*** DATA RECORDS

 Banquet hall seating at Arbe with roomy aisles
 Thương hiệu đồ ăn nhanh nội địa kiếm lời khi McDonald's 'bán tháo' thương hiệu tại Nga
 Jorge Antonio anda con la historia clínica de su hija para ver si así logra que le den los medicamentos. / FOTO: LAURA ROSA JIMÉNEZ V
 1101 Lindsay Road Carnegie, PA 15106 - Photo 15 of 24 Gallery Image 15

******
*** DATA RECORDS

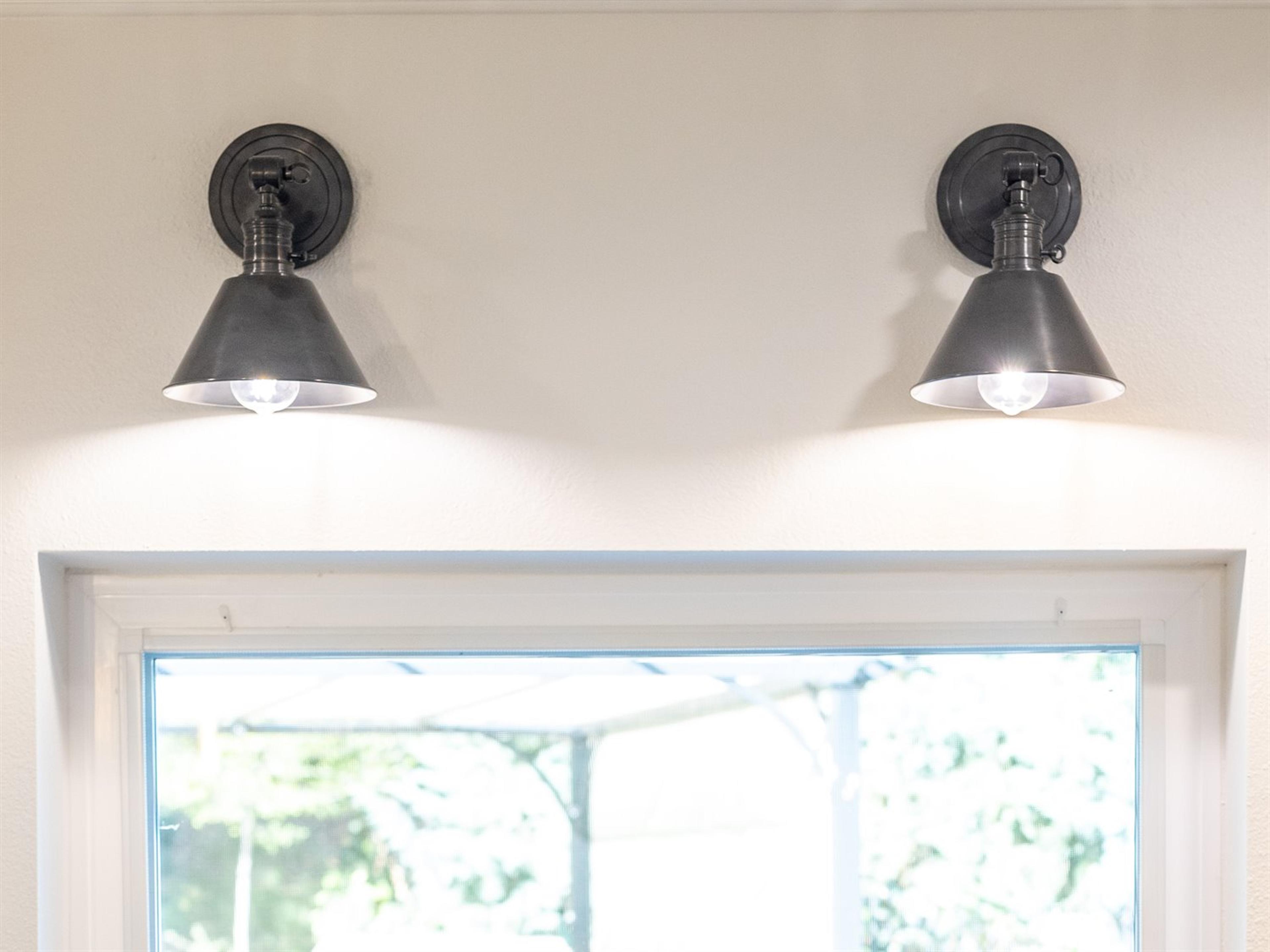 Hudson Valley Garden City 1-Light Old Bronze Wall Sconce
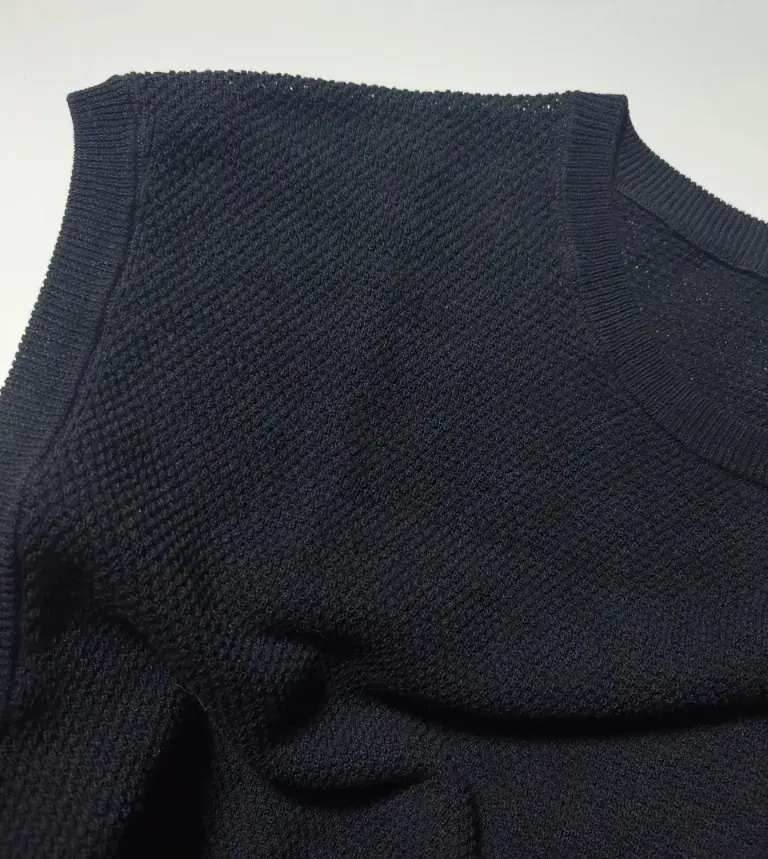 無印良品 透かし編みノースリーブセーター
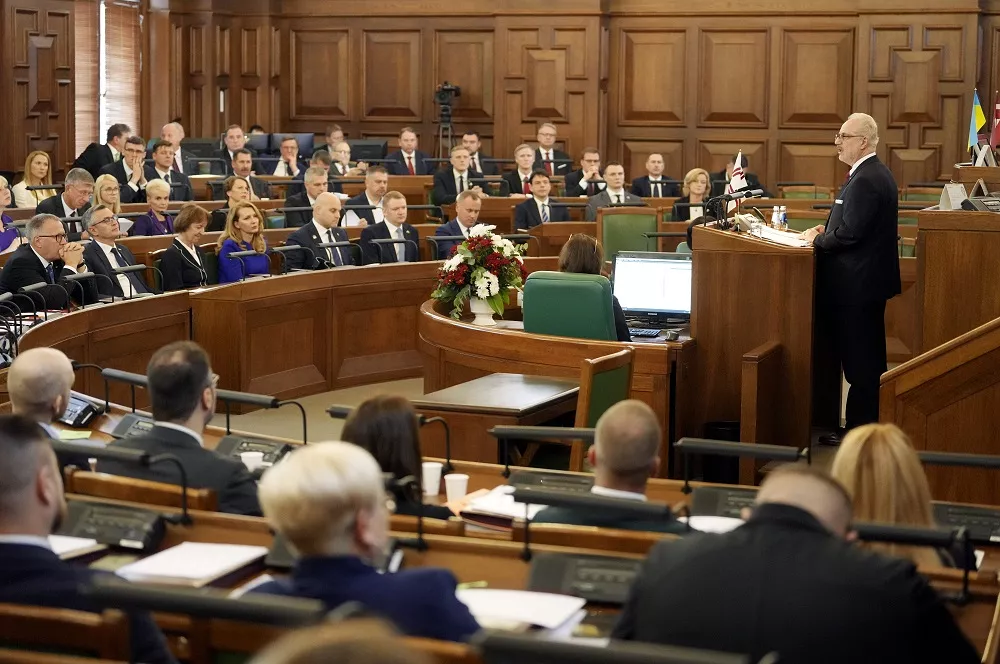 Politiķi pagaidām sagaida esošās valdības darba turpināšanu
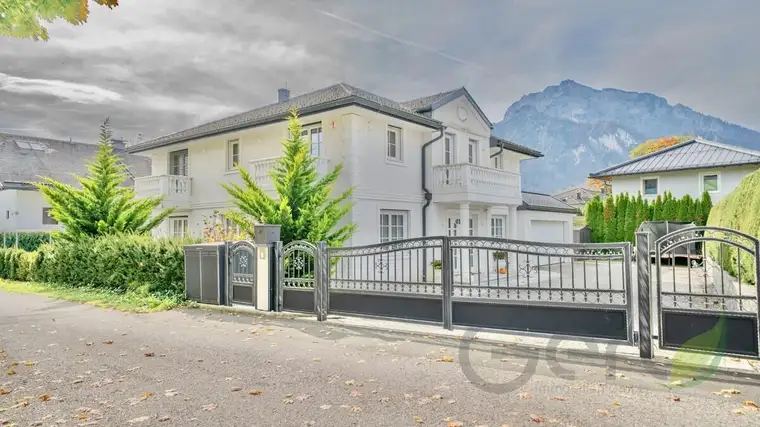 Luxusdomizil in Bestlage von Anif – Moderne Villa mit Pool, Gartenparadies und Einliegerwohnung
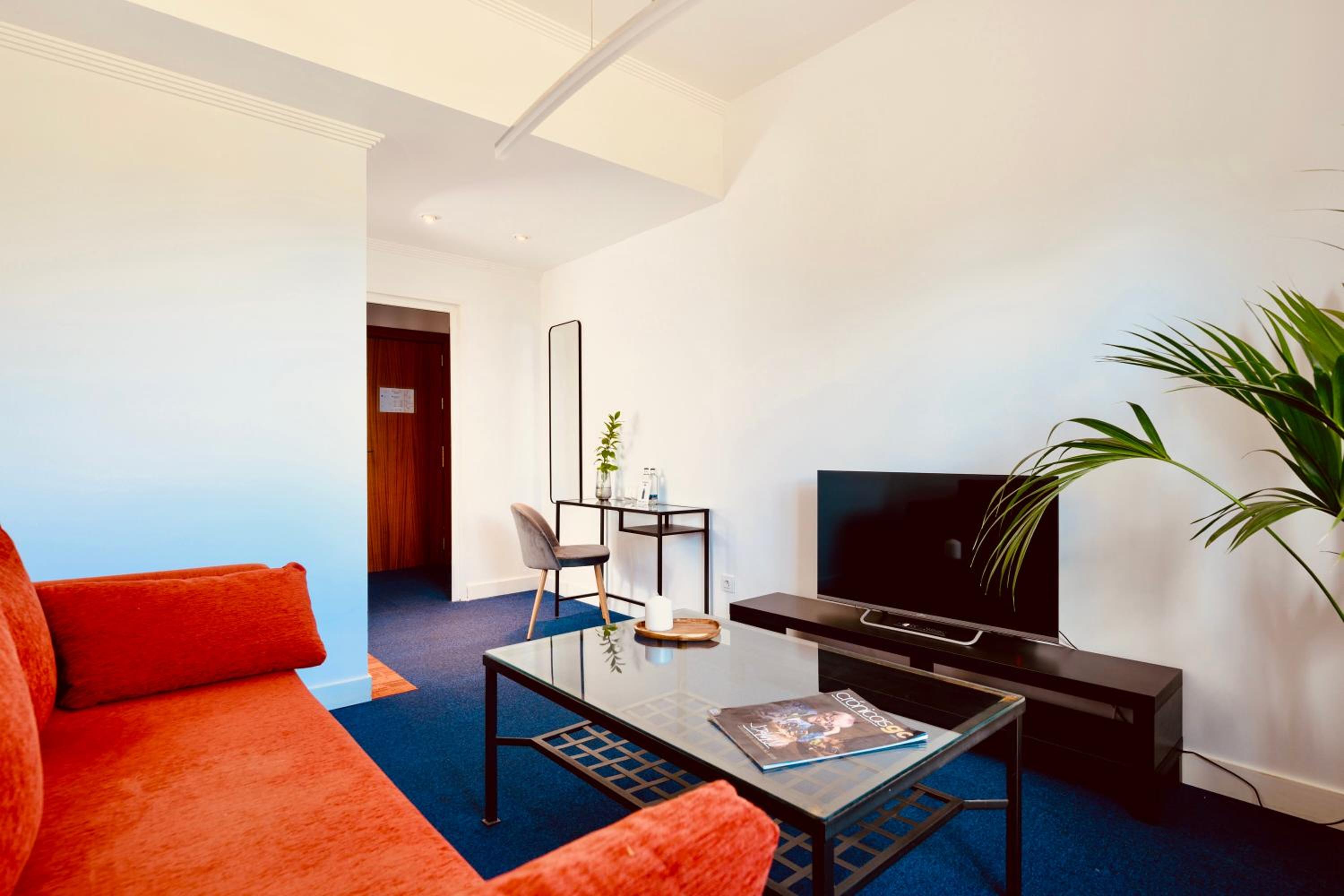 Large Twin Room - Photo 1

******

### TASK BRIEF:
Pictures in the entries do not go into the copy. Print only the lines starting at the one containing "Luxusdomizil in Bestlage" and ending at the one containing "Large Twin Room - Photo 1", exactly as they appear.

### SOLUTION TO THIS PROBLEM:
 Luxusdomizil in Bestlage von Anif – Moderne Villa mit Pool, Gartenparadies und Einliegerwohnung
 Large Twin Room - Photo 1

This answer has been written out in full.